Especially in difficult times, you must not lose humor and joy in life. For me, beer is fun and entertainment and my voice for spreading my political ideas. Sometimes you need some kind of megaphone to get your ideas heard.

This enthusiasm and this support led them to take all those votes, exhibiting total simplicity and using a unique communication tactic, in which Marco Pogo found himself in the square serving beers, making speeches, music videos and TV interviews: «Well, in a couple of weeks, the city council will hold the swearing-in ceremony (it’s going to be a huge party, I’m sure) and then me and my team can start with the first motions in the districts parliament.
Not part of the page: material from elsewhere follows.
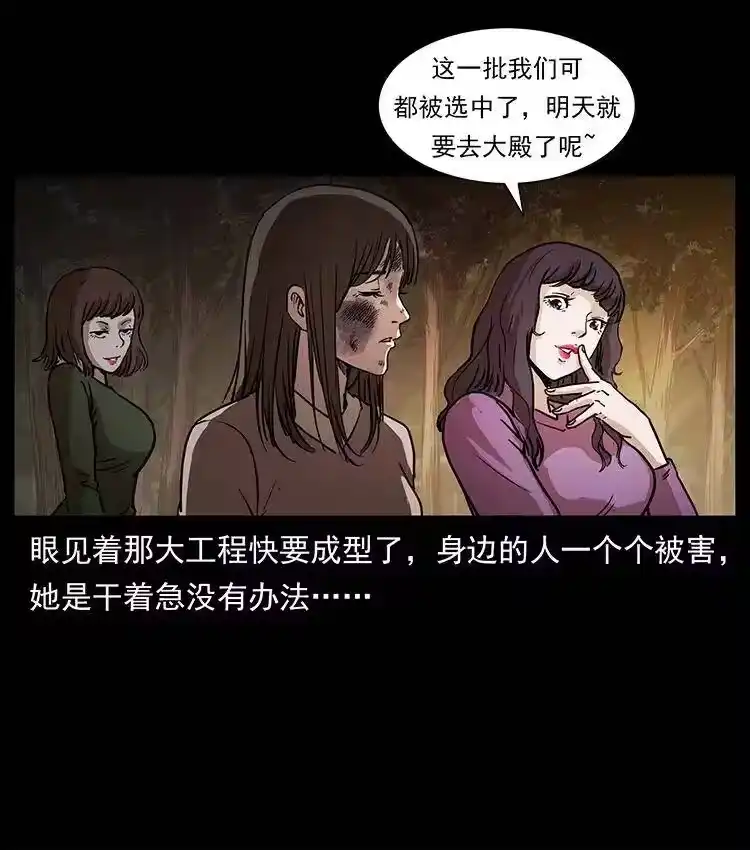 幽冥诡匠_h 350 桥魂 第70页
Exciting times ahead!». But first – necessarily – the party. We then ask him how he celebrated at the news of the results, thinking that out of nowhere they found themselves in opposition: «Due to the current situation regarding the Coronavirus, I couldn’t hold a huge party, but still, I gathered with friends and supporters and we basically drank beer all night, when the results came in».

Marco Pogo’s Beer Party is part of those stories of the movie Slevin, in which one looks one way and then goes the other, of those forces that are sometimes incomprehensible but which use a metaphor to remind us of how important it is to defend one’s own independence and how much easier it is in front of a beer (or more). Better if Turbo.